The matter becomes even more uncertain given the provision allowing Gaza residents who wish to leave the Strip to do so. In light of the expected delays in reconstruction and economic recovery, this clause maintains the potential for displacement—but this time in a “voluntary” form.

The third issue is the plan’s overall timeframe. It assumes it will begin immediately once Hamas announces its acceptance, but realistic implementation will take many years, even if there are no political or security obstacles. By its nature, the plan will produce subsidiary plans and will require the formation of committees and multiple international arrangements—whether to form the technocratic government, establish the temporary international force, revive the local economy, oversee the surrender and destruction of weapons, or manage the relocation of Hamas leaders who wish to leave.

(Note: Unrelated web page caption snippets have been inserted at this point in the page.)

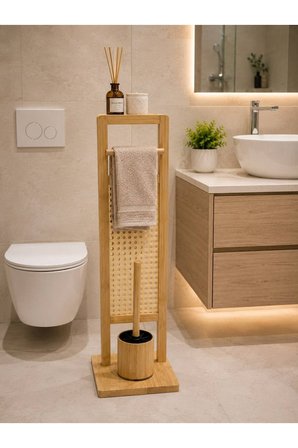 Dikdörtgen Bambu Banyo Takımı Tuvalet Kağıtlığı ve WC Fırça Seti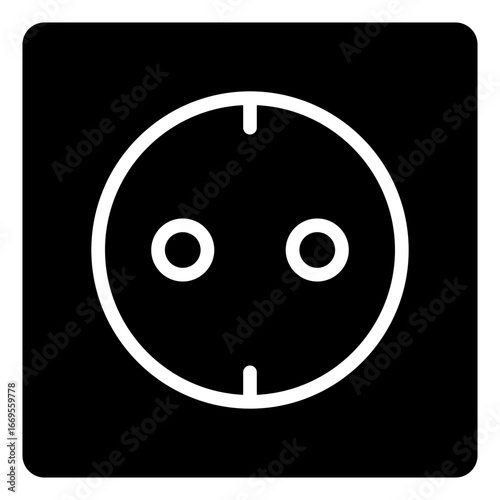 Power Socket Glyph Black Silhouette Icon Design Vector - Wall socket with plug holes representing electricity access and energy supply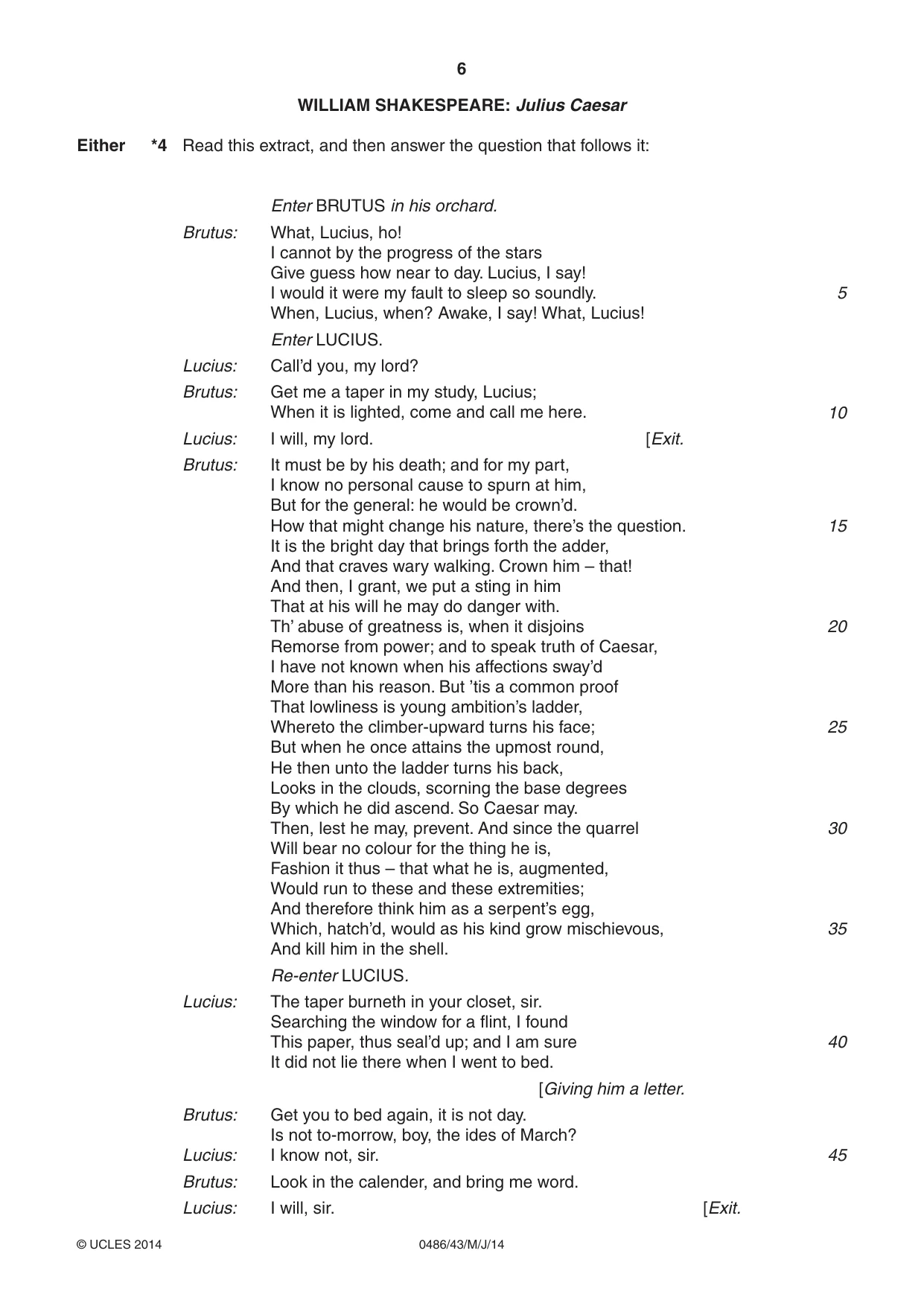 Cambridge IGCSE English - Literature 0486 2014 May/June Paper 4 · Variant 3 question paper, page 6 of 28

Moreover, the plan does not clarify the legal framework that would authorize the “Peace Council” to exercise its functions in governing the Gaza Strip. Assigning governance and administrative responsibilities to an external body—whether an international council or a foreign force—necessarily requires subjecting the Strip to the rules of war and internationally recognized military occupation, as stipulated in United Nations charters.

This is the same framework previously used to establish the Coalition Provisional Authority led by then U.S. Presidential Envoy Paul Bremer in Iraq between April 2003 and June 2004. The council’s functions remain particularly unclear, especially given the presence of a Palestinian technocratic government and the leadership of Trump alongside former UK Prime Minister Tony Blair, suggesting a move to administratively and geographically separate Gaza from the broader Palestinian political and organizational framework. This is further underscored by the plan’s lack of confirmation regarding the future role of the Palestinian Authority in managing the Strip.

On the other hand, the plan’s complex issues require broad international consensus and potentially active participation from major global powers, particularly regarding the need for technical expertise and specialized equipment. However, the most critical aspect is the necessity of providing the plan with international legitimacy, which could push its points into a sphere of competition and polarization among major powers, turning some of its arrangements into points of polarization on the international stage.

Considering all these issues, each of which constitutes a challenge in its own right, mere acceptance by Hamas and implementation of the plan on the ground cannot, in any case, guarantee its success, given the scale of the surrounding political and battlefield complexities.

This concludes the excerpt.